Published: September 25th, 2018

Customer buying habits are changing and born-in-the-cloud firms are cozying up to business leaders who are looking for full-service solutions with a fast ROI, but that doesn’t mean that traditional Canadian channel resellers are dead, according to David MacDonald.

They do, however, have to keep up with the changing landscape, or they will disappear, indicated the retired president and CEO of Softchoice and CDN Channel Innovation Awards judge.

“The idea of selling hardware or software on premises is going to be a declining business, and will likely see a substantial decline in the next 10 years,” MacDonald told CDN. “But a lot of the bigger channel players are reluctant to give up the revenue streams that come with selling a lot of servers and storage on premises.”

The innovative spark that helped some smaller firms – relatively speaking – such as Sierra Systems and Tidal Migrations scoop up diamond awards at this year’s CIA event is absent from the top channel players in the country, said MacDonald. Compugen was the only top 5 company from CDN’s Top 100 Solution Providers that earned a diamond award at the inaugural awards event.

“If I had some of the channel leaders in front of me … I would ask them what practices are they putting in place to take advantage of cloud technology to create differentiating solutions for customers?”

MacDonald praised the innovative chops on display from CIA award winners that demonstrated an ability to build unique solutions on top of public cloud services such as AWS and Azure. Business templates built on generalist skills that differ very little from customer to customer might get you by for now, but it’s the repeatable experiences around specific business outcomes that help customers become distinguished which will shape the channel partner of the future, said MacDonald.

“If channel players aren’t building out a portfolio of capabilities, they will fall behind,” he said. “Some of them are doing a much better job than others.”

David Crane, another CIA judge and former business reporter, said it’s important to track the growth rate of up-and-coming technology firms and their ability to sustain their business in Canada.

“I think the danger we see in Canada is that we develop a lot of seed corn for large international companies that come in and buy them. We have to find a way to be more than just a producer of seed corn,” he said.

It begins and ends with cloud

Cloud expansion and innovation has become a key ingredient for a successful channel business, even if it doesn’t immediately lead to major revenue spikes, according to IDC Canada’s latest State of the Channel report. This point goes hand-in-hand with partner-to-partner (P2P) initiatives, which will account for at least 30 per cent of revenue generated among leading cloud partners by 2020. Additionally, cloud distributors will touch more than half of indirect sales by 2020, up from 45 per cent today.

Steve White, vice-president of worldwide channels and alliances research for IDC. Photo by Paul Darrow.

“A few years ago, as cloud got bigger there was a certain complexity around that in terms of customer choices, and it’s just got worse now,” said Steve White, vice-president of worldwide channels and alliances research for IDC, while presenting the IDC findings to a room full of executives representing some of Canada’s biggest technology vendors and their channel business Sept. 19. “I think this creates an opportunity for you and your partners to be able to help people along that road-map.”

Back to basics

Channel players are performing more activities than ever before.

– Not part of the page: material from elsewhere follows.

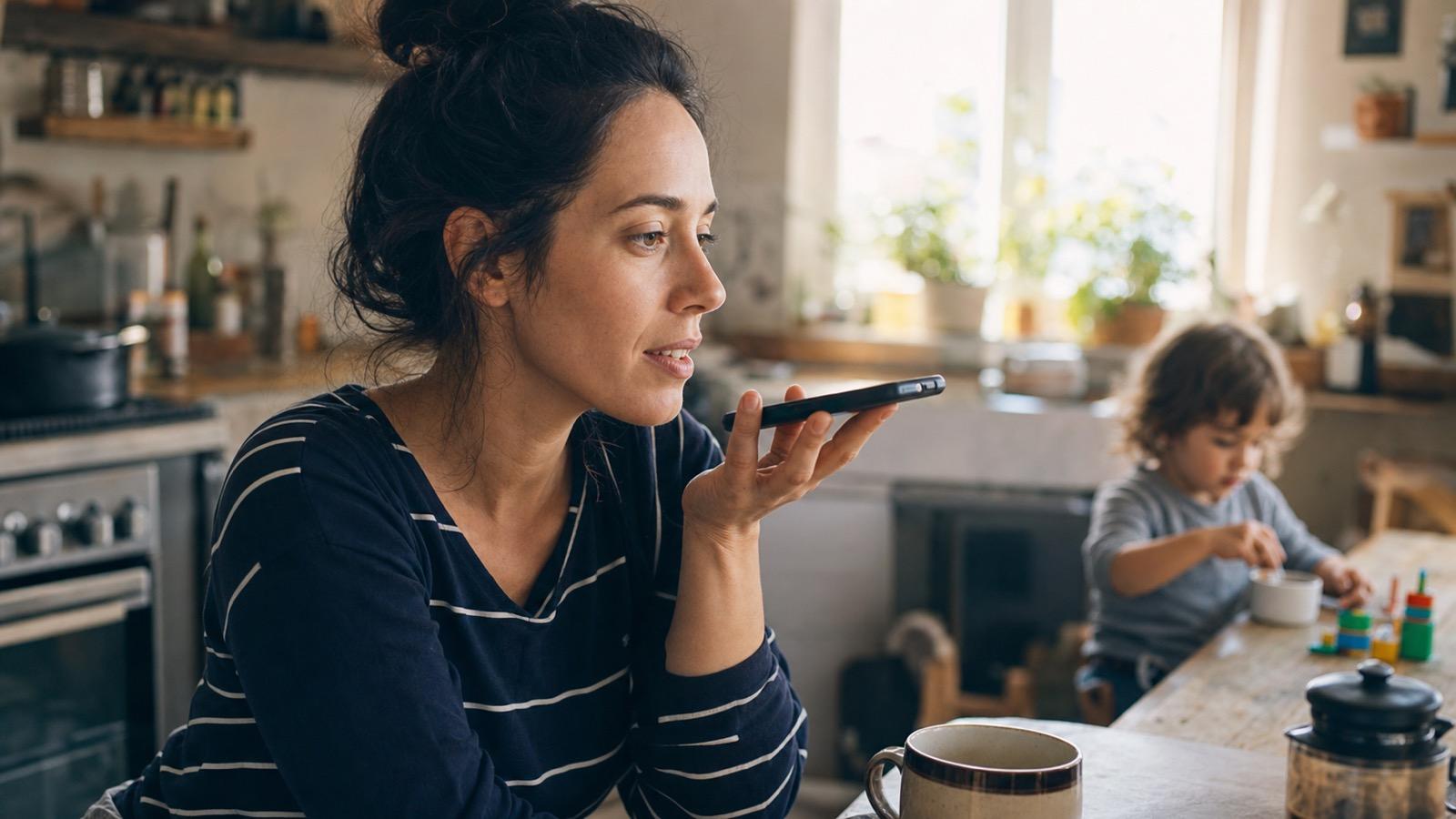 A parent recording a voice note in a kitchen while a young child plays in the background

It’s added value to their business, but it’s also left customers and other partnering companies scratching their heads as they review the evergrowing list of technology partners, hoping to determine who they should turn to and why. Salespeople on the front lines are going through a significant adjustment phase as they try to distinguish their products and services from the competition.

Tracey Hutchison, director of partner sales at Cisco, said it’s something his department is dealing with right now.

“We can go up to a customer and say ‘we’ve built the fastest servers in the world’ but who cares? Every vendor is going to tell them that,” he said.

Potential customers want to know exactly how a product or service is going to improve their business, and in today’s era of vendor overload, they care very little about specific features and specs, added Jim Barnet, director of sales and marketing at Fivel Canada. Sitting next to business leaders and planning, researching and recommending technology products to achieve a specific business outcome is where success is found.

“It could be gerbils in the closet or hamsters on a wheel, it doesn’t matter to me. As long as it improves my business objectives,” said Barnet, citing what he thinks is most customers’ train of thought.